A great shoutout is due EKU libraries leadership for its "From Postcards to Hashtags" initiative.

In essence, this initiative encompasses a year-long series of noted individuals providing insight into the issue of race along with some of their personal experiences.

Under the headline of "From Postcards to Hashtags," professionals will speak to the "Oppression of Black Lives through Conversation on Racism, Resistance, and Reconciliation."

The theme, "When EKU Came of Age," marked the University's Centennial in 2006. "From Postcards to Hashtags" is a further coming of age event toward greater understanding and appreciation of each other. Hopefully, the whole county will be drawn into this important dialogue impacting all of us.

I am so happy to see how well the entire the Eastern Kentucky University community is being represented in this historic undertaking. A broad inclusion of university entities, headed by President McFaddin and other senior staff, will include the views of faculty/staff, alumni and students. The partnership arrangement is certainly interesting as the coalition engages in open dialogue about the sensitive issue of race in our country.

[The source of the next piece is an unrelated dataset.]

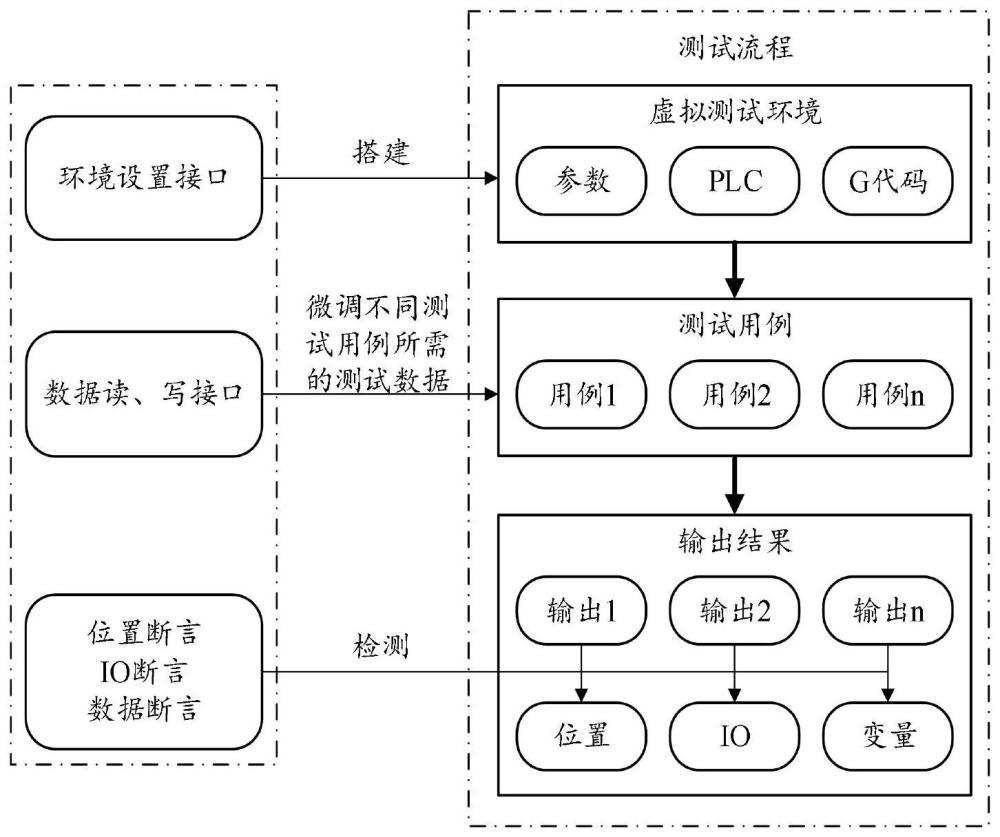 数控系统测试接口、装置及数控系统测试方法与流程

Racism adversely effects all Americans and until we come to terms with this reality, progress toward meaningful solutions will continue to be slow and dogged.

What's striking about all of this is the maturity of my place over the past 60 years or so, reminding me of the first time I saw Richmond.

The Greyhound Bus Station on Water Street was my early indoctrination into the new culture I was about to become part of. Hearkening back to that scene, I recall not being allowed to eat a sandwich inside the building. But, after an eight-hour bus ride from Dayton, Ohio, and being an 18-year-old growing boy, I gladly accepted that hamburger through the allocated side window.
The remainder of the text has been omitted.